=== EXERCISE ===
Skip pictures in the listing below; copy exactly the lines from the one with "QIYAO Abat-Jour Cylindrique" through the one with "DIAMOND LINE NECKLACE", inclusive.

=== INPUT DATA ===
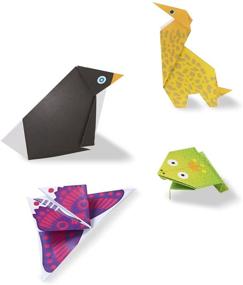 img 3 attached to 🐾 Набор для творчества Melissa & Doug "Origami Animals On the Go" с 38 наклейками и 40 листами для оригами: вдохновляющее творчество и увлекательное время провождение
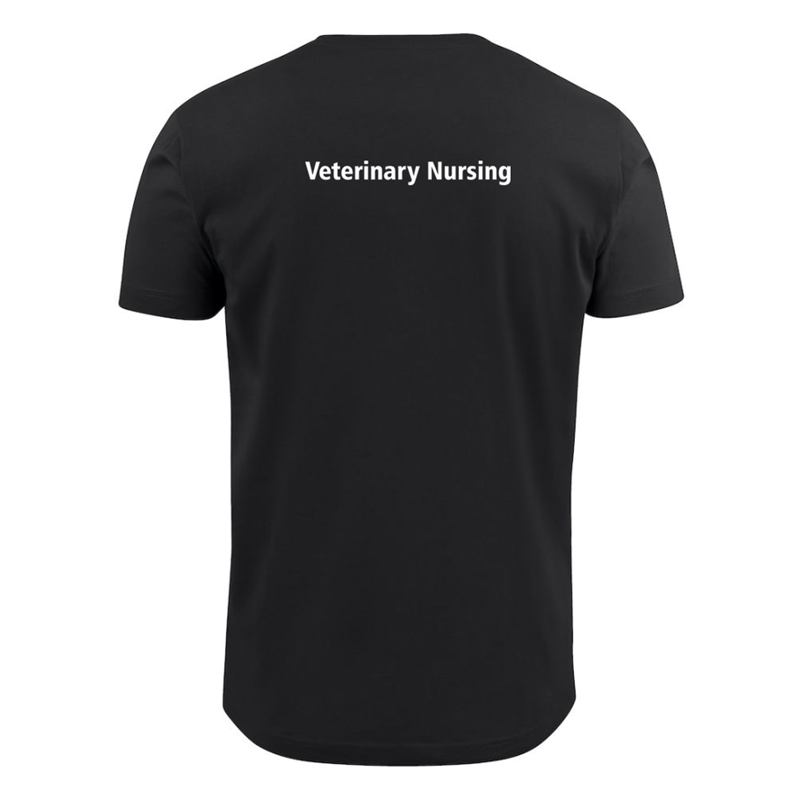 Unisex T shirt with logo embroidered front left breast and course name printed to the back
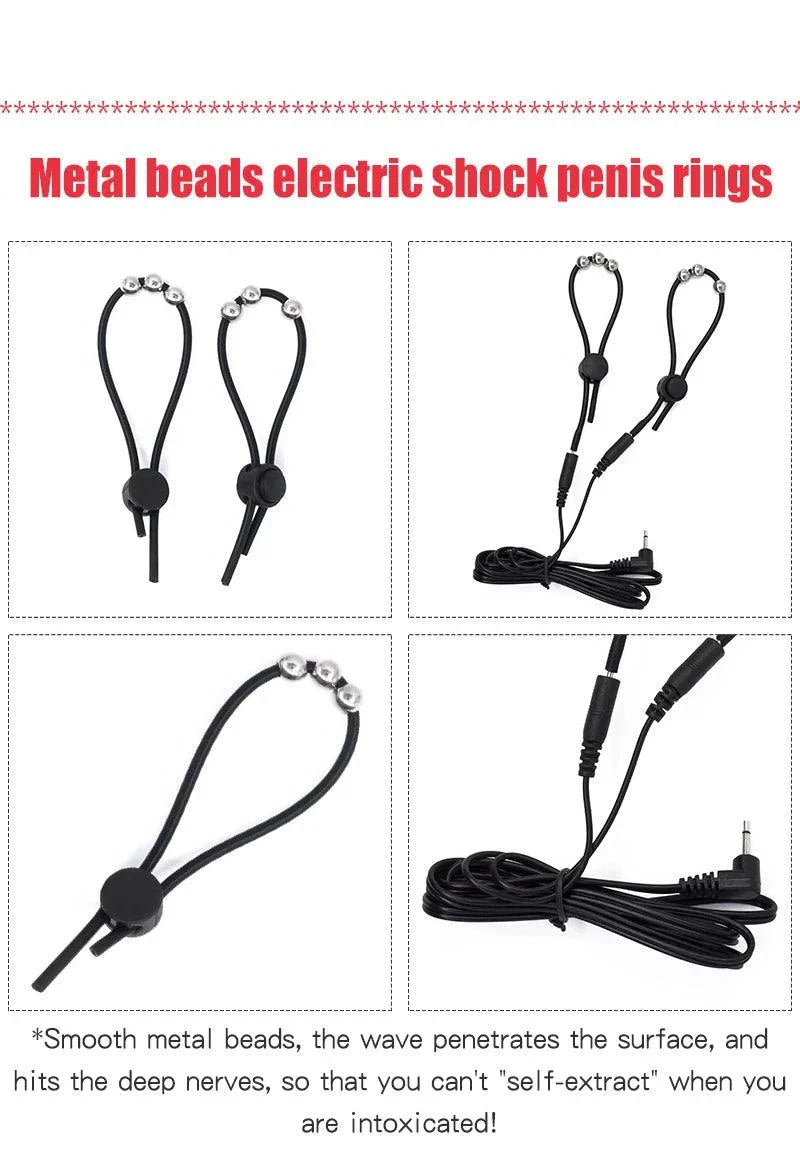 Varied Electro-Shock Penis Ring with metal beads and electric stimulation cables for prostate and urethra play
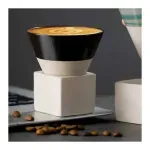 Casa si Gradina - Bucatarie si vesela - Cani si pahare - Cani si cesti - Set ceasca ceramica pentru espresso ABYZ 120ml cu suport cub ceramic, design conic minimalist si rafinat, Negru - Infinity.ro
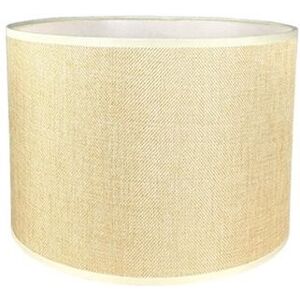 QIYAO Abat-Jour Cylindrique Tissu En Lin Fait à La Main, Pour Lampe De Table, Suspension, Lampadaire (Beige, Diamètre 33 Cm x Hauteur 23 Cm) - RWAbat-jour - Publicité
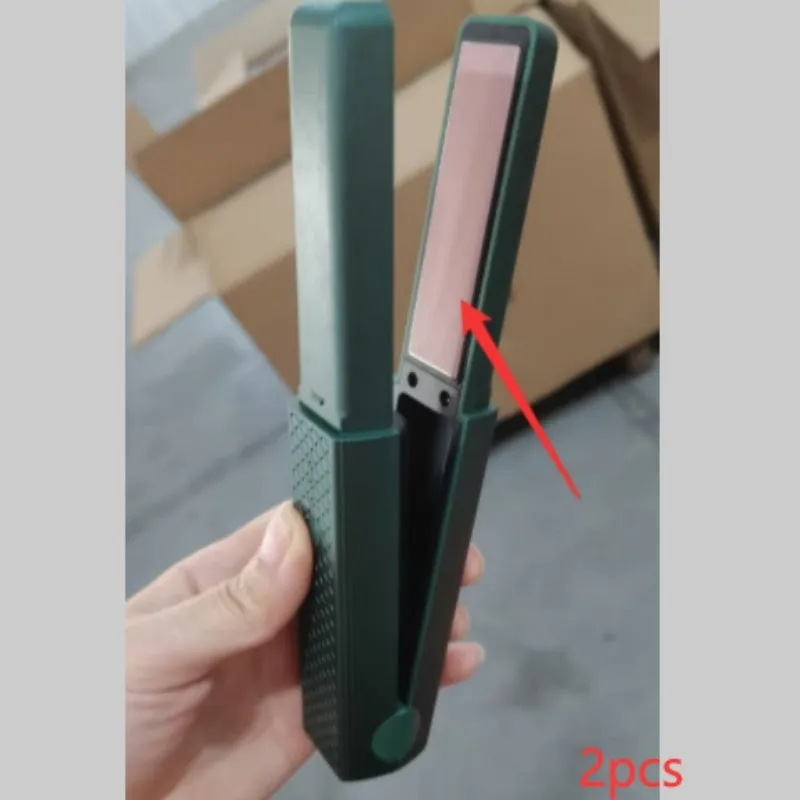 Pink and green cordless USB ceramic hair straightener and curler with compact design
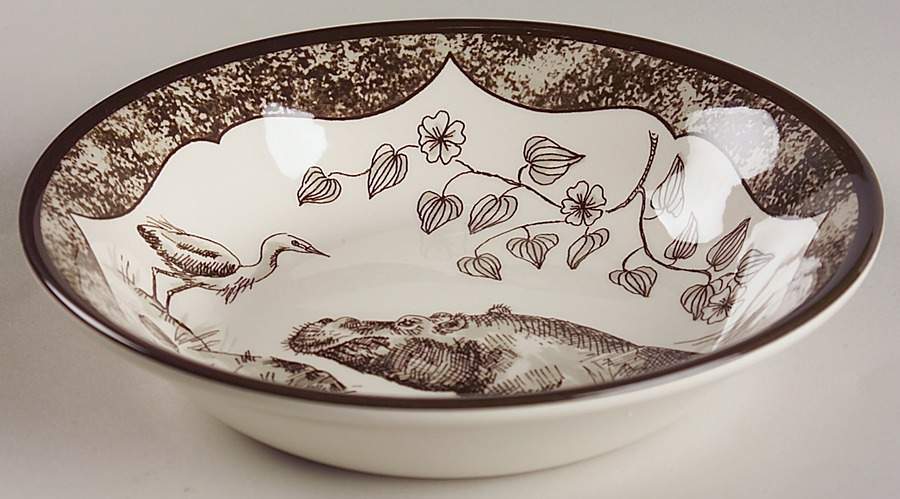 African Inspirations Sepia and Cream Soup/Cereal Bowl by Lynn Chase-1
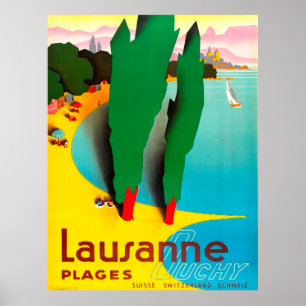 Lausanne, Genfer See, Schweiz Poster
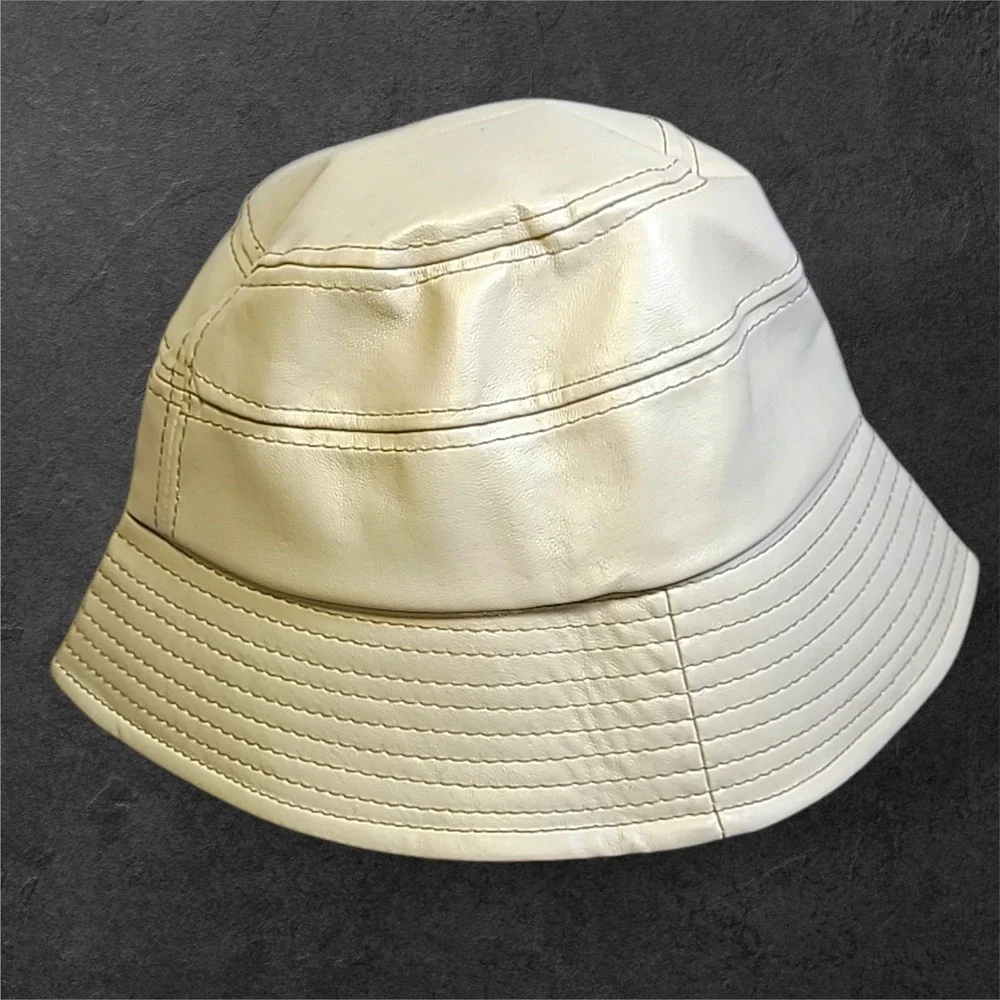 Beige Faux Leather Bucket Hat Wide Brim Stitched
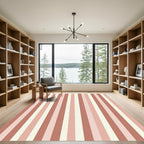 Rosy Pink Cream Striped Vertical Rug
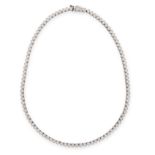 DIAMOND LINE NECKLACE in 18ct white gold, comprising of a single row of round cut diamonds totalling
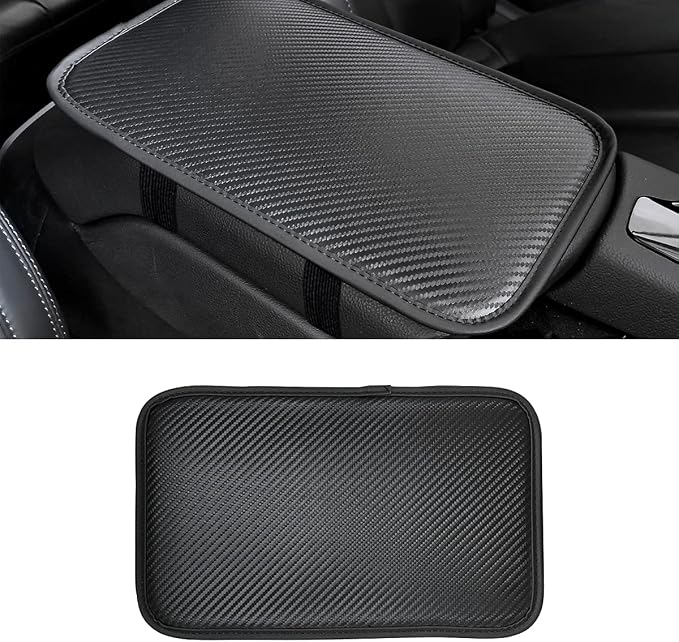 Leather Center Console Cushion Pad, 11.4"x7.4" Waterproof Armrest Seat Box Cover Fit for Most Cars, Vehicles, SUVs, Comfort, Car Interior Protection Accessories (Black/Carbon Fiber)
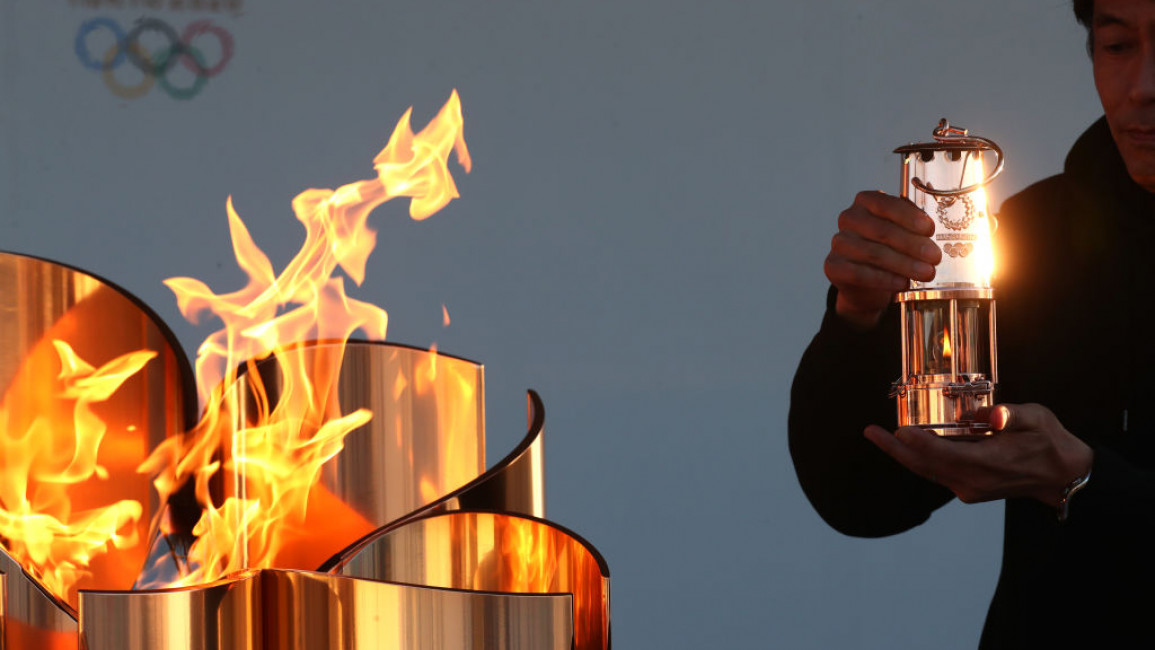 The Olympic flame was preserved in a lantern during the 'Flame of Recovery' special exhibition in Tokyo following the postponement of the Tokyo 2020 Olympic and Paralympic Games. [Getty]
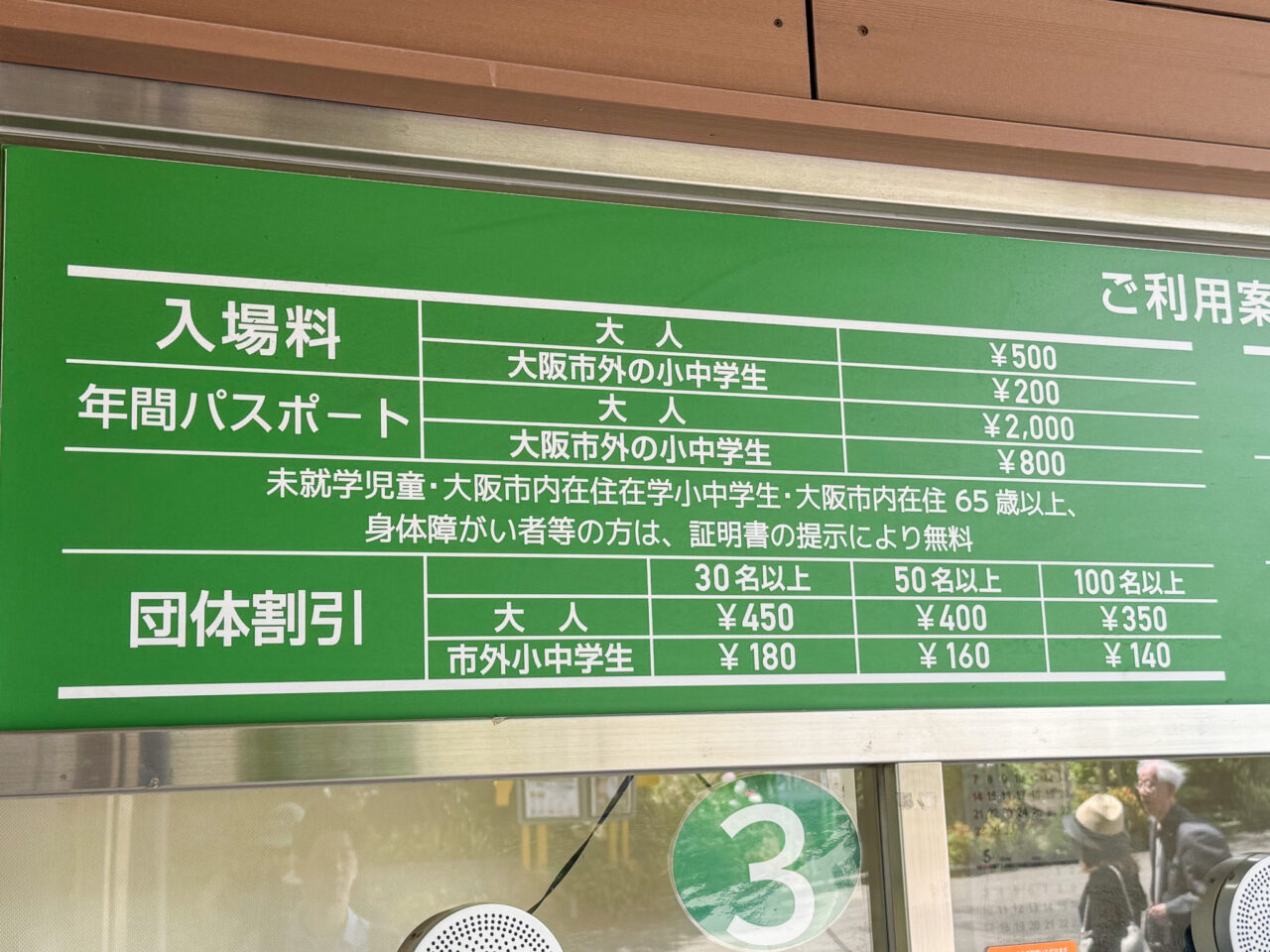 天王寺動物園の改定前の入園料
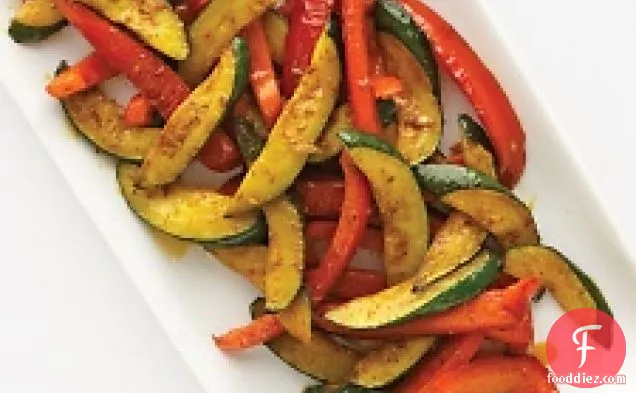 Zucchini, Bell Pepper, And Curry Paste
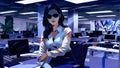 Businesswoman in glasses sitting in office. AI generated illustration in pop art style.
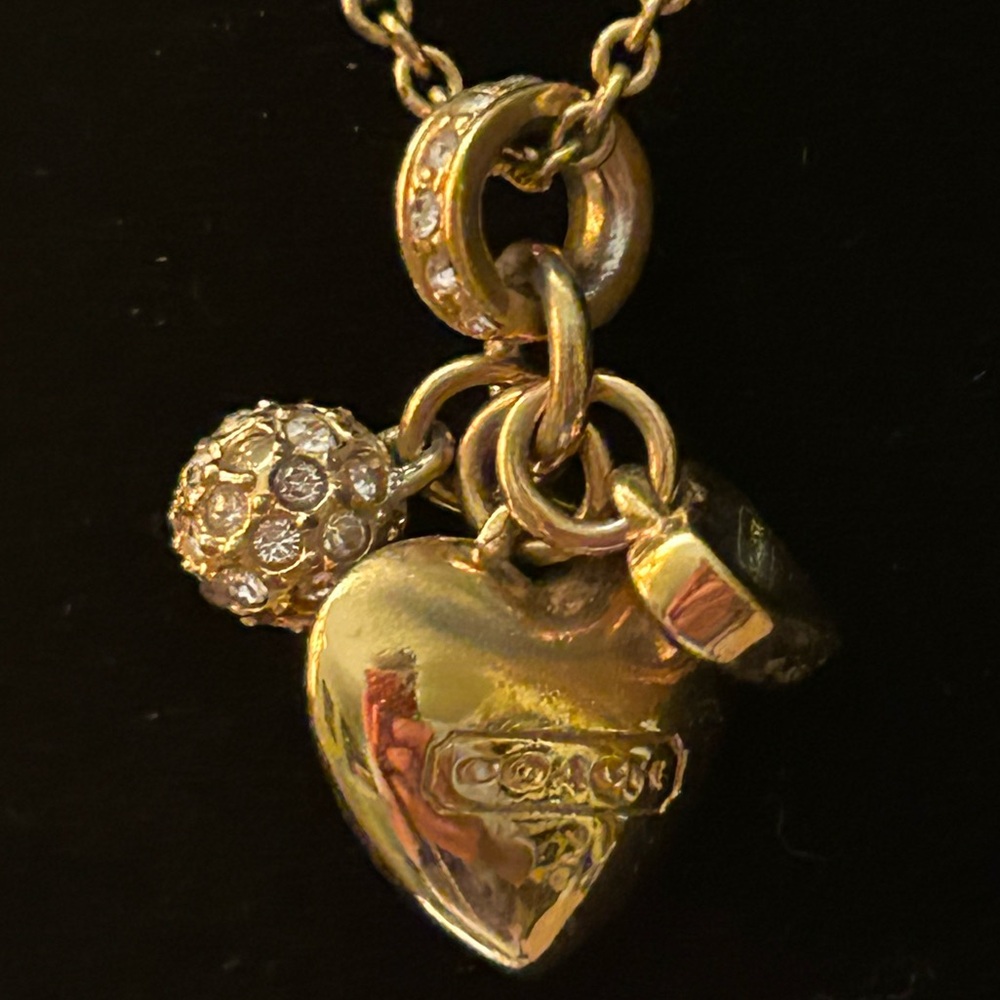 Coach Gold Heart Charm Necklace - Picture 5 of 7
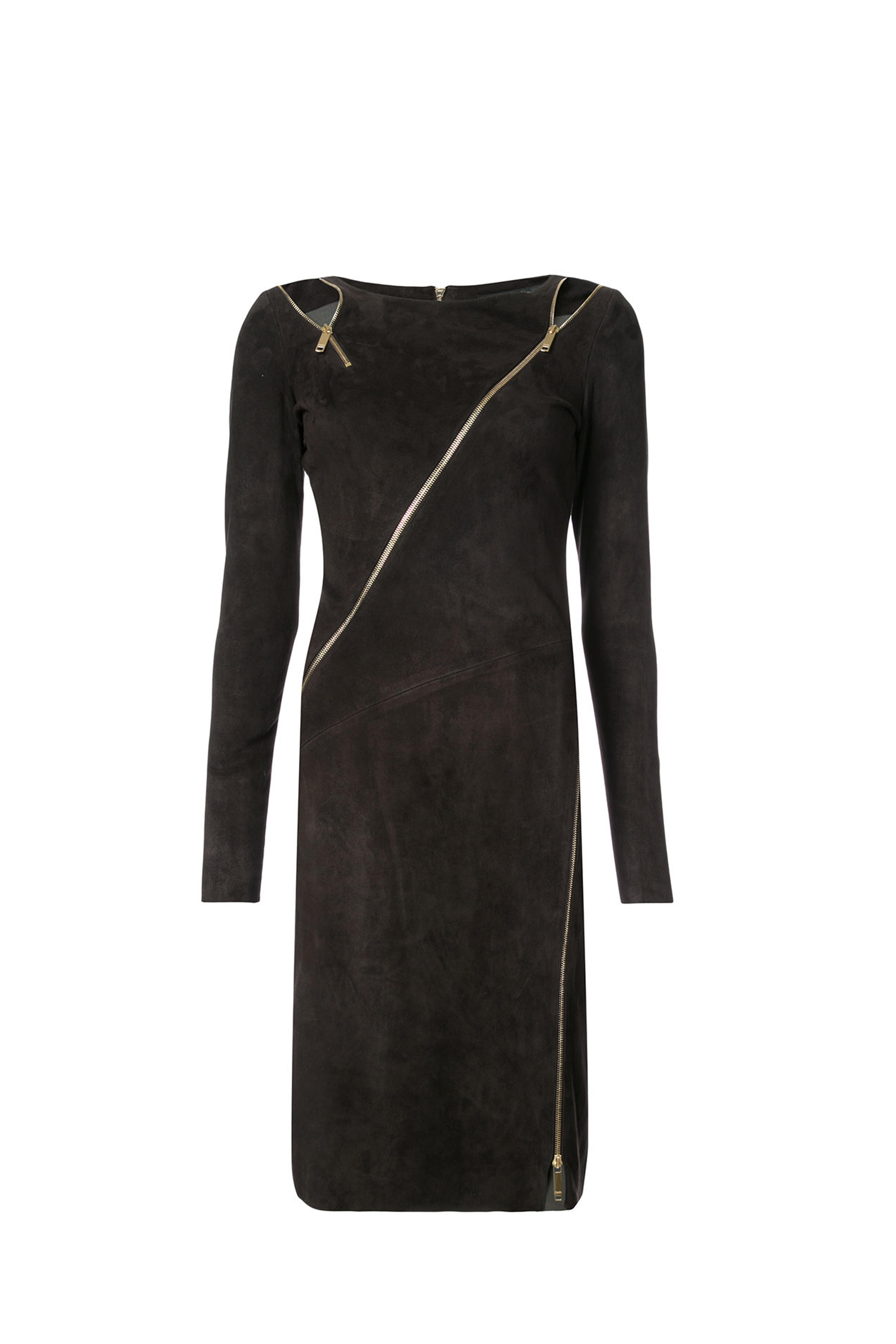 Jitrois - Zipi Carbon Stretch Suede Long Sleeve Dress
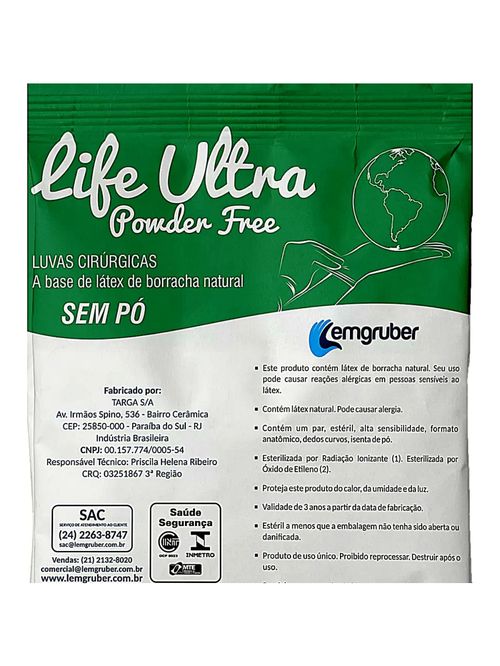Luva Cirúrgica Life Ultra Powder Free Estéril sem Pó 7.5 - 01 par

=== RESPONSE TO THIS TASK ===
 QIYAO Abat-Jour Cylindrique Tissu En Lin Fait à La Main, Pour Lampe De Table, Suspension, Lampadaire (Beige, Diamètre 33 Cm x Hauteur 23 Cm) - RWAbat-jour - Publicité
 Pink and green cordless USB ceramic hair straightener and curler with compact design
 African Inspirations Sepia and Cream Soup/Cereal Bowl by Lynn Chase-1
 Lausanne, Genfer See, Schweiz Poster
 Beige Faux Leather Bucket Hat Wide Brim Stitched
 Rosy Pink Cream Striped Vertical Rug
 DIAMOND LINE NECKLACE in 18ct white gold, comprising of a single row of round cut diamonds totalling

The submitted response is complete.